Task description:
Once the line containing "LG 냉장고 M626MQQ022S 배송무료" is found in the data below, output that line and every line after it through the last, unchanged and with nothing else.

Task inputs:
================================

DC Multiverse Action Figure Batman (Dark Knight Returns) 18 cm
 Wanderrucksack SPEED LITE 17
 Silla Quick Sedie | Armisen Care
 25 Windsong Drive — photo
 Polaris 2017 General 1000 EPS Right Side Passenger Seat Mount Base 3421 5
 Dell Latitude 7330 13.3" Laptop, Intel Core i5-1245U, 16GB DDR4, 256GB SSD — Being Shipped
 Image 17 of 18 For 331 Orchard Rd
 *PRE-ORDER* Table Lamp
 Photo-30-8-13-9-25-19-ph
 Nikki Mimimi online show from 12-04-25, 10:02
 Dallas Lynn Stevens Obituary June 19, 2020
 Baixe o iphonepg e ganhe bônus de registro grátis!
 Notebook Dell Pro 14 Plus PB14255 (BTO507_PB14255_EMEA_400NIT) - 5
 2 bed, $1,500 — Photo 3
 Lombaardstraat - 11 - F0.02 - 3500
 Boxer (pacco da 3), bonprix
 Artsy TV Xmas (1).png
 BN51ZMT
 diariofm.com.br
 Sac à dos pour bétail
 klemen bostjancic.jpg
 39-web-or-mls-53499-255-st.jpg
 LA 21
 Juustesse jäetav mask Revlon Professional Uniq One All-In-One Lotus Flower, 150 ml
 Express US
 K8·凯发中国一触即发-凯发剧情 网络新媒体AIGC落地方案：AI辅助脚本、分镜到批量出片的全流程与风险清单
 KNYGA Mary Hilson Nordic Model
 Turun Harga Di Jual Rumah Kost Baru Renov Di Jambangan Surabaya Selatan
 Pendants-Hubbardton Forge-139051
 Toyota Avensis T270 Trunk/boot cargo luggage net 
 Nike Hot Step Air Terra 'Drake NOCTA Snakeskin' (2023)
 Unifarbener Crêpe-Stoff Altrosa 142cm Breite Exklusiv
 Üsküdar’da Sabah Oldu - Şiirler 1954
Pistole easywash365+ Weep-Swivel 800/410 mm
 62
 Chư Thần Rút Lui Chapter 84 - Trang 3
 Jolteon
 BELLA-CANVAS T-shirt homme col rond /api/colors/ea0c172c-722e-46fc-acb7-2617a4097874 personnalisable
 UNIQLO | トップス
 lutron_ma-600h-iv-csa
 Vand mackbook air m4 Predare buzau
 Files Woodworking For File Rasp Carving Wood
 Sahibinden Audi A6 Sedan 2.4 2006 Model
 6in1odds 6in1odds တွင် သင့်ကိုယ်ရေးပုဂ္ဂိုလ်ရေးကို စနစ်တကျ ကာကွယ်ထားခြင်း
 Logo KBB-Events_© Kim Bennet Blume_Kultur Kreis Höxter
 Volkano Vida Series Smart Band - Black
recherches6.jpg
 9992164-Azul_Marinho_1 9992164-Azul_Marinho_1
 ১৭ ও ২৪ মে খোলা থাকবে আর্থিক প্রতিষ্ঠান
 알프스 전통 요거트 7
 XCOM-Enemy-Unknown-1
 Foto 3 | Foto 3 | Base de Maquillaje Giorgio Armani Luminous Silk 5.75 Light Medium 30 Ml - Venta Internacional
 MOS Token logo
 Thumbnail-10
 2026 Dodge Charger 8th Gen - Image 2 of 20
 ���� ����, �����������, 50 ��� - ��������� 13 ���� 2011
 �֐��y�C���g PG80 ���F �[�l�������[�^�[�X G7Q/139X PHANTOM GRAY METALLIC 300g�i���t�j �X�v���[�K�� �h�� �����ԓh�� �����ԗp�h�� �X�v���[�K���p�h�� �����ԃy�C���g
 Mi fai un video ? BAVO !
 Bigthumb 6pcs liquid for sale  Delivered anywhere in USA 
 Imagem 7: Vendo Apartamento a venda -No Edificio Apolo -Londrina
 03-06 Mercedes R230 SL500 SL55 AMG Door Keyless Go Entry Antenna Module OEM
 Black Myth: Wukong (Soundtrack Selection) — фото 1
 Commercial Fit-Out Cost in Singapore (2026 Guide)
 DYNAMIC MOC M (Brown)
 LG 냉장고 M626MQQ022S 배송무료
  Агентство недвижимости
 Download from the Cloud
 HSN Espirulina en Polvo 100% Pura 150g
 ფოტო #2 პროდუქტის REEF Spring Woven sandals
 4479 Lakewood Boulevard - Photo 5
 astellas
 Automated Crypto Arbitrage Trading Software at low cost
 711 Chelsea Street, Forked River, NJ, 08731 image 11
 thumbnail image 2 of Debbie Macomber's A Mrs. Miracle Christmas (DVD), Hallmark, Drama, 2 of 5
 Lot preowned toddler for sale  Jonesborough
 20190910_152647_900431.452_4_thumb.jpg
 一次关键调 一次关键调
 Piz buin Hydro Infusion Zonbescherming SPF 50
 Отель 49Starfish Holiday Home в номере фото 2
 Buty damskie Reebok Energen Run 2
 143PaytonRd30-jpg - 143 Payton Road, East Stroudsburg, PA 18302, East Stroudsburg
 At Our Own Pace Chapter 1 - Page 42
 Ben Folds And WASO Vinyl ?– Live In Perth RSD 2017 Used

================================

Exercise solution:
 LG 냉장고 M626MQQ022S 배송무료
  Агентство недвижимости
 Download from the Cloud
 HSN Espirulina en Polvo 100% Pura 150g
 ფოტო #2 პროდუქტის REEF Spring Woven sandals
 4479 Lakewood Boulevard - Photo 5
 astellas
 Automated Crypto Arbitrage Trading Software at low cost
 711 Chelsea Street, Forked River, NJ, 08731 image 11
 thumbnail image 2 of Debbie Macomber's A Mrs. Miracle Christmas (DVD), Hallmark, Drama, 2 of 5
 Lot preowned toddler for sale  Jonesborough
 20190910_152647_900431.452_4_thumb.jpg
 一次关键调 一次关键调
 Piz buin Hydro Infusion Zonbescherming SPF 50
 Отель 49Starfish Holiday Home в номере фото 2
 Buty damskie Reebok Energen Run 2
 143PaytonRd30-jpg - 143 Payton Road, East Stroudsburg, PA 18302, East Stroudsburg
 At Our Own Pace Chapter 1 - Page 42
 Ben Folds And WASO Vinyl ?– Live In Perth RSD 2017 Used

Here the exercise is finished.